An this is where I think the Passover allusion from the Ehad Mi Yodea song in the movie sums up why I think his film should be seen by and explained to young men.  Just as the Passover marked the beginning of the Exodus from Egypt, “that place of sin”, and into the wilderness, 7 Days in Entebbe should give us all pause to ask why when we bring the next generation of young people to the edge of our culture’s own Promised Land and, like Moses, offer them blessings and curses and life and death, some of them are choosing cursing and death? And make no mistake about it, for anyone who has ever read The Black Book of Communism will know, as puerile and vapid as slogans such as “Smash the Fasc!” sound, history tells us that sooner or later those words will lead to violence and death if left unchallenged.

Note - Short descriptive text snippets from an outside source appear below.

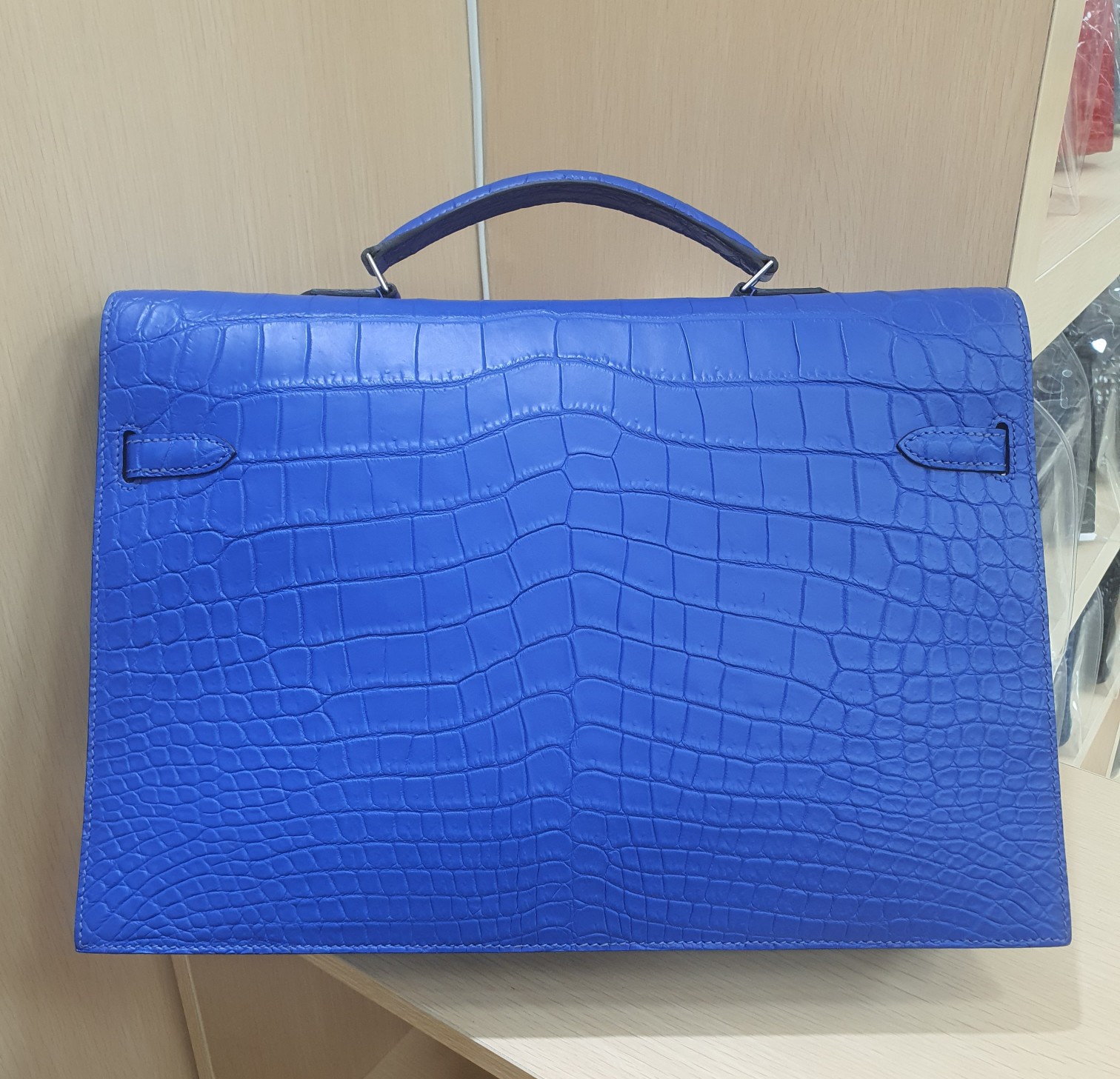 Hermes Kelly Depeches Blue crocodile 25cm business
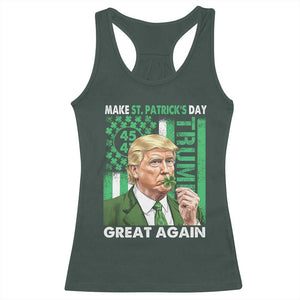 Funny Trump Make St Patrick's Day Great Again Racerback Tank Top Green American Flag TS02 Dark Forest Green Print Your Wear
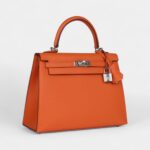 Hermes Kelly 25 Orange Epsom Palladium Hardware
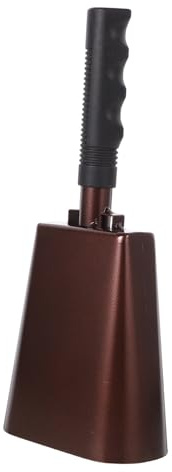 Handgriff Kuhglocke aus Metall, Braun, Vintage, Kompakt | Lauter Klang, Leicht zu Tragen, für Sportveranstaltungen und Football Spiele, Klare Signalwirkung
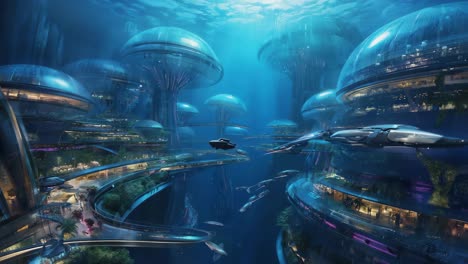 futuristic underwater city with advanced architecture and vehicles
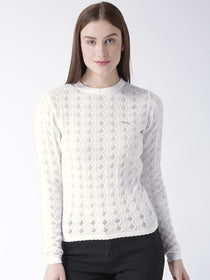 Women Cotton Casual Long Sleeve  White Winter Sweaters - JUMP USA (1568777142314)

The lives of Kuhlmann and Böse as portrayed in this film (who in real life were 28 and 27 years old when they were killed) should be a reminder for us as men the we have a positive duty to counter the scapegoating and nihilistic attitudes that is infecting our culture, and poisoning the optimism of the young.  In its place we need to both extol and model a life that honors virtue and self-sacrifice for the sake of loving both God and neighbor.  We must be willing to raise up a generation that like Zeev and the real-life commandos who went to Entebbe that night, can be “a warrior, someone who is walks the hero’s path. Someone who can walk into he heart of darkness, into the universal human phobia, and walk out unscathed.”